Preparados para a época dos bailes de Verão.

Fumo Ninja: “Somos costureiros em parttime e a nossa paixão é o patchwork

Fotografia: João Hasselberg
Publicado a: 31/03/2022

Dizem que são uma espécie de “quatro agentes secretos”, mas a sua identidade parece não ter segredo algum. Pelo contrário, o verdadeiro enigma dos Fumo Ninja — grupo formado por Leonor Arnaut (voz), Norberto Lobo (baixo), Raquel Pimpão (teclas) e Ricardo Martins (bateria) — reside escondido na sua música que tão amavelmente nos é apresentada para descoberta no seu longa-duração de estreia, Olhos de Cetim, lançado na passada sexta-feira (25) com carimbo Revolve.

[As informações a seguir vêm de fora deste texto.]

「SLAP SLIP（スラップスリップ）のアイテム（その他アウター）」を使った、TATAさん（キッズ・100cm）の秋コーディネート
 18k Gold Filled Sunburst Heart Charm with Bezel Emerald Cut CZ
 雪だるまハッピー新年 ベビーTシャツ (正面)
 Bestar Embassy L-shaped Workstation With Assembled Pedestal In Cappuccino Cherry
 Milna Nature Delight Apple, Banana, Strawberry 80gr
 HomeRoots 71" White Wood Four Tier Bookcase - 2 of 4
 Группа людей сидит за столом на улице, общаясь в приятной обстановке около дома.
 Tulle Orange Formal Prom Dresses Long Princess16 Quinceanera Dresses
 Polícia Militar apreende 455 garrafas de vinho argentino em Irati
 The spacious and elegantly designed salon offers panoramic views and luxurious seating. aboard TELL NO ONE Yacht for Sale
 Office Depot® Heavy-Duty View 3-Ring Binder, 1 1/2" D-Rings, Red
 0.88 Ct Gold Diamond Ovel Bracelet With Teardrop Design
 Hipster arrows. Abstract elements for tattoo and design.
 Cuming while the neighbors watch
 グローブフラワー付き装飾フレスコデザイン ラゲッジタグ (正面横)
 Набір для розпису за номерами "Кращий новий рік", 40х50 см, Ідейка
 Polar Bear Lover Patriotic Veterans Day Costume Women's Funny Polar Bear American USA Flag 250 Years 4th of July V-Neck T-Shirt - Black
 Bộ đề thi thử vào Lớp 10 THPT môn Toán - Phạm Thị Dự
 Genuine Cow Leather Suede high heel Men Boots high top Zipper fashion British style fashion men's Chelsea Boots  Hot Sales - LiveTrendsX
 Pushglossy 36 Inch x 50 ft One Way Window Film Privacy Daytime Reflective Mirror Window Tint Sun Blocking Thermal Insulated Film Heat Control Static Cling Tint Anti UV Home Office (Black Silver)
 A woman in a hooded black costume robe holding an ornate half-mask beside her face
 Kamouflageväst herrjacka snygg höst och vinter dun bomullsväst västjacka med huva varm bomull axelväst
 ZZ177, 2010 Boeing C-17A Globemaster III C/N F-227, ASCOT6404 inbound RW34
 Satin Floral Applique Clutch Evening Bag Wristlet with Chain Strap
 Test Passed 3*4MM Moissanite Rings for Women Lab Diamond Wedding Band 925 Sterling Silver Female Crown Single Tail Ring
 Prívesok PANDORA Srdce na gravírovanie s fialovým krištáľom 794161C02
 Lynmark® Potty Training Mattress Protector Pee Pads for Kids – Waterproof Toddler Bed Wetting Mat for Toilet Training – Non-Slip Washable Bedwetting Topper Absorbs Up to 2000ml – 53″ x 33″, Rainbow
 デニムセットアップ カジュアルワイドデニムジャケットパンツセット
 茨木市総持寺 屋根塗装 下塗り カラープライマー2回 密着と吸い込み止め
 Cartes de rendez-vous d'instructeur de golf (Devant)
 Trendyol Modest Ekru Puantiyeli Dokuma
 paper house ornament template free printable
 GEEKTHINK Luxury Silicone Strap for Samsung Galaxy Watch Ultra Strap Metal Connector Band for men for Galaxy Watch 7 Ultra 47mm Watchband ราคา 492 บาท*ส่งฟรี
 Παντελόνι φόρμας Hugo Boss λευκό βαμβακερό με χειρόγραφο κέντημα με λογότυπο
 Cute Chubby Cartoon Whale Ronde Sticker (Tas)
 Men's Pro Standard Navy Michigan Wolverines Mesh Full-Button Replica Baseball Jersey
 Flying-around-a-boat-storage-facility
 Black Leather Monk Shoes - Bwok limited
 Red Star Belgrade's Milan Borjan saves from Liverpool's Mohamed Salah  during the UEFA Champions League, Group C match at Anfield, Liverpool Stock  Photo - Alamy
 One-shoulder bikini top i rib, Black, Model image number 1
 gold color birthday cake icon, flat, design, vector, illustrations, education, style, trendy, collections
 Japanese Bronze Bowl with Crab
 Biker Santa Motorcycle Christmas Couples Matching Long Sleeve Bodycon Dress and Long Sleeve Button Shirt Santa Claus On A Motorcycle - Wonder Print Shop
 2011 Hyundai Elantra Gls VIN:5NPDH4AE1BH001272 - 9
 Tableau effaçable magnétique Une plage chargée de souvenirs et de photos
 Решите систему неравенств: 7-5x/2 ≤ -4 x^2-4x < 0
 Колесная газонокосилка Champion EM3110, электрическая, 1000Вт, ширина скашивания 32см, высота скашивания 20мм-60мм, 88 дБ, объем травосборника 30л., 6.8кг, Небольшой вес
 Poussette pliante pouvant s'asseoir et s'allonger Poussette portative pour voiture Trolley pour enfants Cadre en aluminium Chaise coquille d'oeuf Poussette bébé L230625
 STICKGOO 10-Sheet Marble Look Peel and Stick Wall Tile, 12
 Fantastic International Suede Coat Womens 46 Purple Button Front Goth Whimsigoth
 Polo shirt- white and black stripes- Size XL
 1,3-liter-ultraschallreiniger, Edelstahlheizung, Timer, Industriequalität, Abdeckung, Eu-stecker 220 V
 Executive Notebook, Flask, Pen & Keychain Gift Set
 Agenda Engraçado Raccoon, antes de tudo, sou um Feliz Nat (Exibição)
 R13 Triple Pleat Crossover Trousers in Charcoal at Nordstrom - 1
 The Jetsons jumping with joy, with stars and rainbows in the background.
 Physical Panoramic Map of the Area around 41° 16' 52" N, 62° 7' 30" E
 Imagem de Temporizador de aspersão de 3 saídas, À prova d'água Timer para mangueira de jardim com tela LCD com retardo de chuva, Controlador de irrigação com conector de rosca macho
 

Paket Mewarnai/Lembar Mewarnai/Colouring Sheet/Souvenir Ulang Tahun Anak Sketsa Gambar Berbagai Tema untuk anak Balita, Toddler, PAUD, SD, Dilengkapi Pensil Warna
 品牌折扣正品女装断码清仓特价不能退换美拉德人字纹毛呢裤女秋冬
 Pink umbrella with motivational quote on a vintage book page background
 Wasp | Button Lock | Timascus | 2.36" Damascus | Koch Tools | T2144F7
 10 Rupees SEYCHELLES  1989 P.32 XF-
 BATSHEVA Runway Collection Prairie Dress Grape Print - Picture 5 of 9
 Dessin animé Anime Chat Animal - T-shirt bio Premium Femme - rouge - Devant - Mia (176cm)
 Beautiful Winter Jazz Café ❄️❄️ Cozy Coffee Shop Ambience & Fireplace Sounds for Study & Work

Um segredo, claro está, deixa de ser um segredo quando é revelado e, ao longo de Olhos de Cetim, vamos descobrindo, pouco a pouco, as peças que nos permitem resolver o puzzle deste mistério. Contudo, ao Rimas e Batidas, os Fumo Ninja contam coisas que poderão conferir vantagens na resolução do mesmo a quem ousar partir nesta curta, mas aventurosa jornada que a banda protagoniza neste trabalho discográfico. Dizem ser um “grupo que não pensa muito em géneros musicais” mas, quando pensamos que se apresentam como um conjunto dedicado “à exploração da pop por meios não ortodoxos”, se nos focarmos é natural que comecemos a perceber de onde é que surgem as canções que se ouvem em Olhos de Cetim. “Há uma base de canções que segue o seu rumo e se deixa contaminar, acusmática e auralmente falando, isto é”, referem.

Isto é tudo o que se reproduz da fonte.